= White Hair =

Name of several Osage leaders

White Hair or Pawhuska (/pɒˈhʌskə/ paw-HUSK-ə; 𐓅𐓘𐓢𐓶𐓮𐓤𐓘) is the name of several Osage leaders in the eighteenth and nineteenth centuries. A tintype image of White Hair can be seen at the Osage Nation Museum in Pawhuska, Oklahoma.

==White Hair I==
The first White Hair, Paw-Hiu-Skah, Pahuska, or Pawhuska, was born about 1763 and died about 1809. The town of Pawhuska, Oklahoma is named for him. He was the chief of the Thorny-Valley people, a division of the Osage people. In 1791, Pawhuska is reputed to have fought against American troops under Arthur St. Clair in Ohio. During the battle, the worst defeat ever suffered by U.S. forces against Indians, Pawhuska attempted to scalp a fallen officer but the man's powdered wig came off in Pawhuska's hand. In the ensuing confusion, the officer escaped. The chief was impressed by how the wig protected its original wearer, so he kept it for the rest of his life and became known as White Hair.

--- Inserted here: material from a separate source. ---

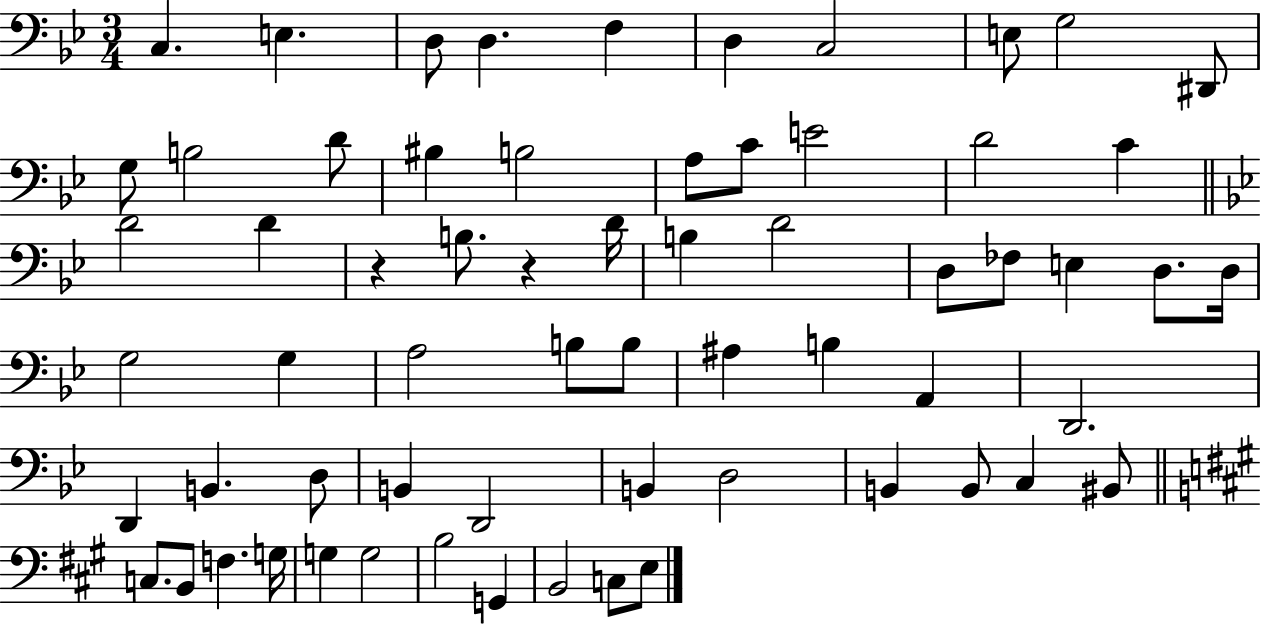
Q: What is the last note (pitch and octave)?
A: E3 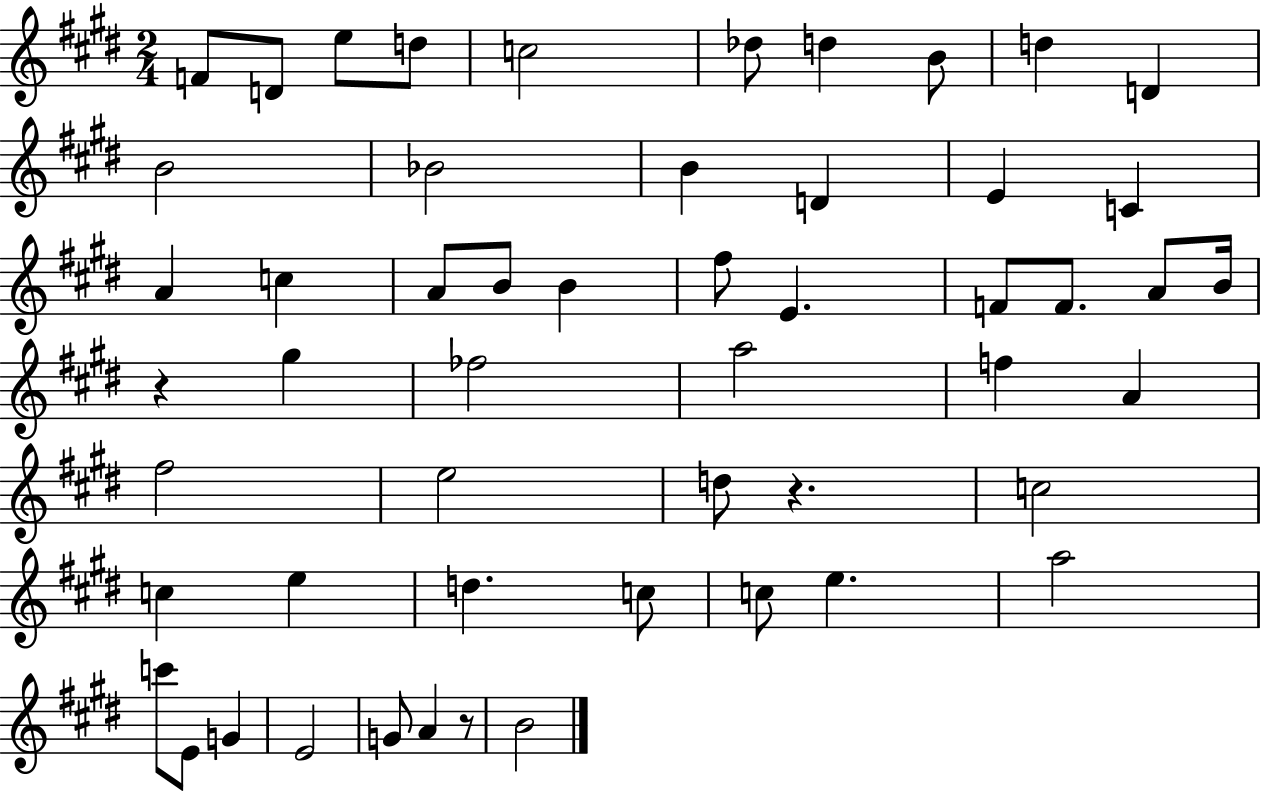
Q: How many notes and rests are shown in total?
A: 53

In the late eighteenth century, the Osage were a powerful tribe on the Western prairies with an empire that reached south from the Missouri River to the Red River. Pawhuska was the most prominent chief and had the closest relationships with French traders, especially the Chouteau family which operated under the rule of the Spanish government. The Osage frequently had skirmishes and battles with the Spanish and other Indian tribes. However, internal dissension weakened the Osage and they split into three main groups. In 1796, the group headed by Clermont (Claremore) and Pawhuska settled near Jean Pierre Chouteau's trading post on the Verdigris River in Indian Territory.

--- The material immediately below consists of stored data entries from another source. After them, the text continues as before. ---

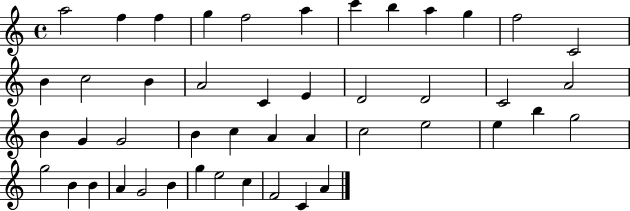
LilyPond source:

{
  \clef treble
  \time 4/4
  \defaultTimeSignature
  \key c \major
  a''2 f''4 f''4 | g''4 f''2 a''4 | c'''4 b''4 a''4 g''4 | f''2 c'2 | \break b'4 c''2 b'4 | a'2 c'4 e'4 | d'2 d'2 | c'2 a'2 | \break b'4 g'4 g'2 | b'4 c''4 a'4 a'4 | c''2 e''2 | e''4 b''4 g''2 | \break g''2 b'4 b'4 | a'4 g'2 b'4 | g''4 e''2 c''4 | f'2 c'4 a'4 | \break \bar "|."
} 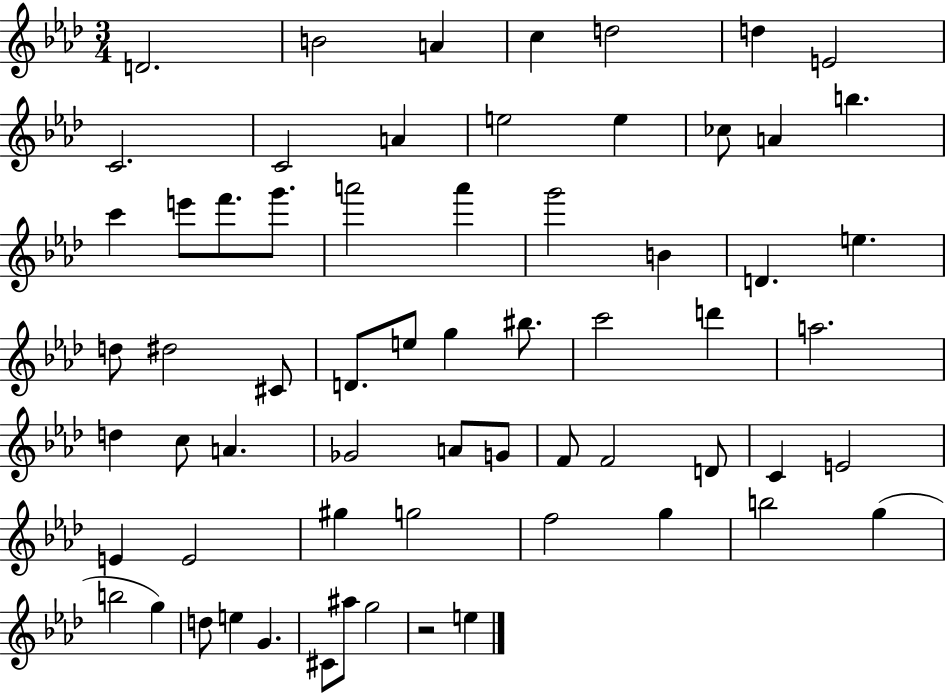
{
  \clef treble
  \numericTimeSignature
  \time 3/4
  \key aes \major
  d'2. | b'2 a'4 | c''4 d''2 | d''4 e'2 | \break c'2. | c'2 a'4 | e''2 e''4 | ces''8 a'4 b''4. | \break c'''4 e'''8 f'''8. g'''8. | a'''2 a'''4 | g'''2 b'4 | d'4. e''4. | \break d''8 dis''2 cis'8 | d'8. e''8 g''4 bis''8. | c'''2 d'''4 | a''2. | \break d''4 c''8 a'4. | ges'2 a'8 g'8 | f'8 f'2 d'8 | c'4 e'2 | \break e'4 e'2 | gis''4 g''2 | f''2 g''4 | b''2 g''4( | \break b''2 g''4) | d''8 e''4 g'4. | cis'8 ais''8 g''2 | r2 e''4 | \break \bar "|."
}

In 1800, the Marqués de Casa Calvo, the newly appointed governor of Louisiana, accused Osages of stealing from and murdering non-Natives and encouraged Pawhuska and his band of Osages to fight the rest of the Osages. Pawhuska refused.

One of Pawhuska's daughters married Kaw chief White Plume and thus established a lasting peace between the Osage and Kaw. White Plume's great-great-grandson was Charles Curtis, vice president of the United States, and many present-day Kaw Indians can trace their ancestry back to White Plume and Pawhuska.

==White Hair II through VI==
The lineage of Pawhuska continued with his son, White Hair II, but he apparently was an ineffective chief, and he was soon replaced by White Hair III, who moved most of the remaining members of the Osage tribe to the Neosho River in Oklahoma in 1822. The Osage subsequently were forced by both white and Indian encroachment on their lands to move back to a small reservation in Kansas. White Hair IV (George White Hair) became chief in 1832 and served until his death in 1852, aged 48. His cousin Iron Hawk became White Hair V until his death in 1861, also 48 years old.

Little White Hair (White Hair VI) became the last hereditary Principal Chief of the Osage Nation, serving until his death on December 24, 1869. In 1865, White Hair VI was one of the signers of a treaty that ceded most Osage lands to the United States.

In 1868, the U.S. Indian Commissioner appointed the chief of the Big Hill clan, Joseph Pawnee-no-pashe, Governor of the Osage Nation because Little White Hair refused to negotiate moving the reservation. Outside of U.S. negotiations, Little White Hair maintained complete executive power until he died on December 24, 1869, leaving the position of Principal Chief vacant. In the following years, the Osage Governor (a title only ever held by Pawnee-no-pashe) was the leader. In 1870, Pawnee-no-pashe and other Osage leaders finalized the agreement to sell their Kansas lands in exchange for a reservation in the Indian Territory (now Osage County, Oklahoma).

The title of Principal Chief of the Osage Nation was revived in 1882, the position now elected instead of hereditary, and the governorship was abolished.